Sindire sindire, ağırdan, ortalığı velveleye vermeden iniyor; kapalı balkonun buğulanmış camında koyu grilere gömülmüş uzaklar kapalı.

Hemen yakınlarda bir yerdeki tahliye borusunda takırdayıp duran yağmur sularının sesi, o an itibarıyla bütün musikinin müntehâsı. Böyle anlarda evin sıcaklığına gömülüp dışarıların puslu serinliğine dalarak gerçeklikle uykuya davetiye gönderen tatlı bir uyuşukluk arasında düşünceye dalmak ne tatlı. Böyle bir hâlet içinde gündemin telâşesi, daha doğrusu bize telâşe gibi görünen ayrıntıların gerçek boyutları pek de ehemmiyetli gelmiyor. “En mühim mesele nedir?” sorusunun şu an itibarıyla âcil cevabı sıcak bir dam altında bulunmaktan ibaret. Haydi biraz tefelsüf edelim; beşeriyetin en derin, en âcil ihtiyacı karın tokluğu, sırtın pekliği ve yakın tehlikelerden azâde güvenlikli bir yerde barınmak değil midir? İlerleme raporu denilince bu yüzden aklıma daha basit bir mesele geliveriyor: Yağmurun sebebini biliyoruz; niçin yağıyor, nasıl yağıyor, oluşması hangi meteorolojik şartlara bağlı, mâlum. Ne zaman ne kadar yağacağını da epey tahmin ediyor uzmanlar. Durduğunuz ve baktığınız yere göre bu da bir ilerlemedir. Sebepler bilinince şaşkınlık az buçuk zail oluyor lâkin mübârek tadını biraz fazla kaçırınca arzın mesâhası üzerine biriken su âfetinden nasıl korunacağımız hususunda pek ilerlemiş sayılmayız. Hepsi de okumuş, fennî ilimlerde tahsil görmüş uzmanların tasarlayıp hesapladığı tedbirler bazen işe yaramıyor. Meselâ şehiriçinde denizi kıyıdan takib eden bir yolu sel basmasını ne türden bir ilerleme sayabiliriz ki? Teorik açıdan eksiğimiz yok, hatta o kadarını Divân şairleri bile biliyordu: “Alçağa akar sular pây-ı hûma düş mest ol”. Yol denizden birkaç metre yüksekte; yolla deniz arasına uygun aralıklarla tahliye kanalları açılırsa su, yolda birikmek yerine denize akar!
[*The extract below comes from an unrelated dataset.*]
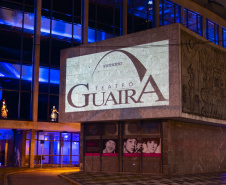  O Teatro Guaíra encerrou o primeiro semestre de 2021 atingindo um público de mais de 600 mil pessoas nas redes sociais, o equivalente a 287 Guairões lotados. Foto: Maringas Maciel/CCTG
Teori safhasında âkıl ve güçlü olmak pratikte, yine birçok farklı teorik ârıza yüzünden işe yaramıyor: Tahliye borusu tıkalıysa geçmiş olsun. Dün Pendik sahillerinde olup bitenleri kastetmiyorum; karşıdan bakınca mancınıkla yıkılmaz gibi duran “ileri” memleketlerde de lüzumundan fazla su can yakıyor, problem çıkarıyor. “Su işleri mühendisleri” sistemin nerede aksadığını biliyorlar, öngörüyorlar ama yine de ârıza çıkıyor. E, hani ilerleme?

Sayıştay’ın benzerleri her ülkede var, faydası tartışılmaz. Bizde de mevcut fakat bazı yerleri “sayması” uygun bulunmamış. Eskiden “Vardır bir hikmeti; büyüklerimiz bilir” der geçerdik, şimdilerde, “Büyüklerimizin aslında öyle aman aman bir şey bildiği yok!” diyebiliyoruz ama sonuç değişmiyor. Hidrolojide suların alçağa akması nasıl kanun ise, kamu idaresinde de, “hikmetinden sual olunmaz bir rahatlıkla kamu parası harcanması” da kanun gibidir, hatta daha da ötesi. Bu nokta-i nazardan siyaset, elâlemin parasını harcama yetkisini ele geçirme faaliyetidir. Musluk kısıldığında çark durur. Bkz. Zavallı Obama!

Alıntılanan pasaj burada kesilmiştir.